Exercise prompt. Once the line holding "TrendMakers 60 CM" is found in the entries below, restate it and each line after it word for word, with no pictures.

____ Records provided

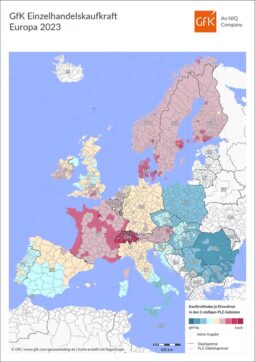 Einzelhandels-Kaufkraft Europa 2023 Karte c GFK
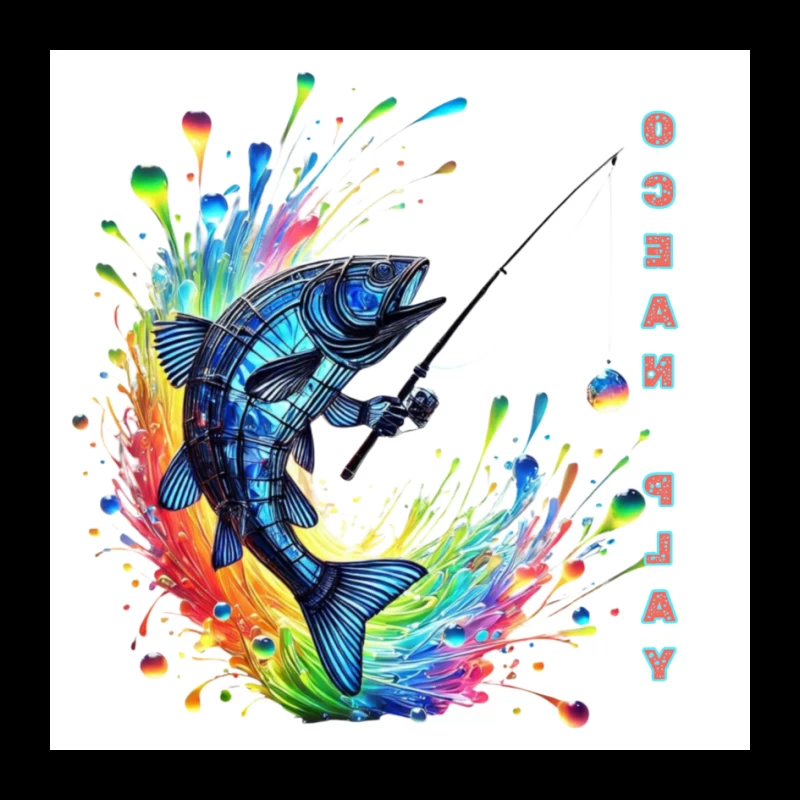 Rainbow Fish Splash: Artistic Fishing Adventure Pin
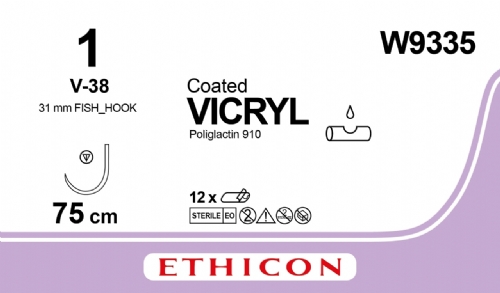 COATED VICRYL (polyglactin 910) Suture<br/>Size: VICRYL PLUS<br/>Colour: 1<br/>Style: non cutting<br/>Size: VICRYL PLUS<br/>Colour: 1<br/>Style: non cutting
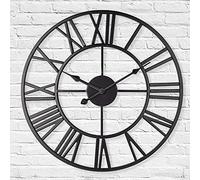 TrendMakers 60 CM Large Wall Clock with Roman Numerals - Vintage Inspired Black Metal Skeleton Design, Silent Quartz Movement, Decorative Wall Clock for Modern & Classic Interiors (60cm)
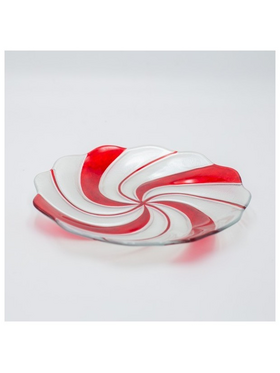 Πιατελα Candy Στρογγυλη, Ασημι Κοκκινο, Γυαλινη Διακοσμητικη, 23.5cm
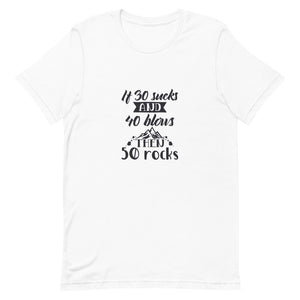 50th Birthday Shirt, 50 Rocks Birthday T-Shirt, 50 Years Old Short-Sleeve Unisex T-Shirt - TreasureNoni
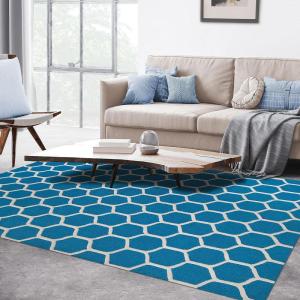 Superior 5x8RUG-HONEY-MAIV Area Rug, 5′ X 8′, Honeycomb – Maroon & Ivory(Homeycomb – Teal & Ivory)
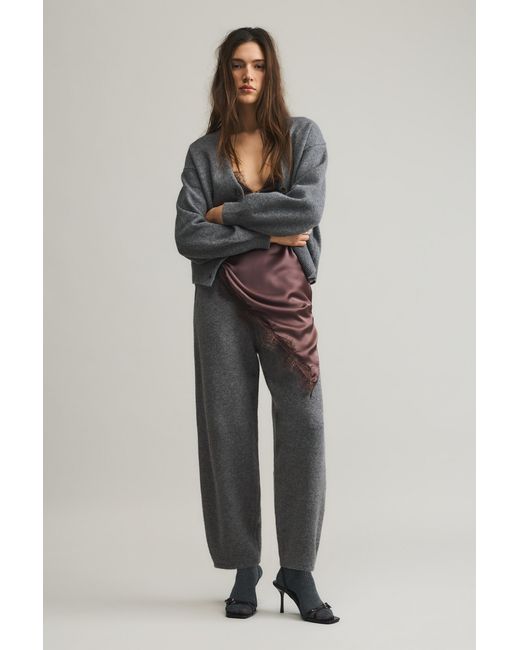 Pull&Bear Multicolor Knit Barrel Trousers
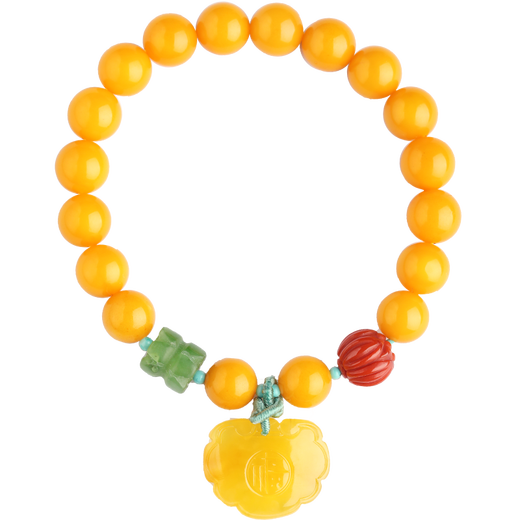 XIANGZHENFU JEWELRY amber raw stone beeswax bracelet female DIY Ruyi beeswax chicken fat yellow full honey bracelet 8mm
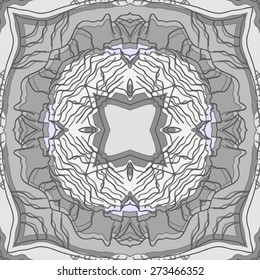 Circular pattern of floral motif, stripes, spots, star . Hand drawn.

________

Result of this task.
 TrendMakers 60 CM Large Wall Clock with Roman Numerals - Vintage Inspired Black Metal Skeleton Design, Silent Quartz Movement, Decorative Wall Clock for Modern & Classic Interiors (60cm)
 Πιατελα Candy Στρογγυλη, Ασημι Κοκκινο, Γυαλινη Διακοσμητικη, 23.5cm
 50th Birthday Shirt, 50 Rocks Birthday T-Shirt, 50 Years Old Short-Sleeve Unisex T-Shirt - TreasureNoni
 Superior 5x8RUG-HONEY-MAIV Area Rug, 5′ X 8′, Honeycomb – Maroon & Ivory(Homeycomb – Teal & Ivory)
 Pull&Bear Multicolor Knit Barrel Trousers
 XIANGZHENFU JEWELRY amber raw stone beeswax bracelet female DIY Ruyi beeswax chicken fat yellow full honey bracelet 8mm
 Circular pattern of floral motif, stripes, spots, star . Hand drawn.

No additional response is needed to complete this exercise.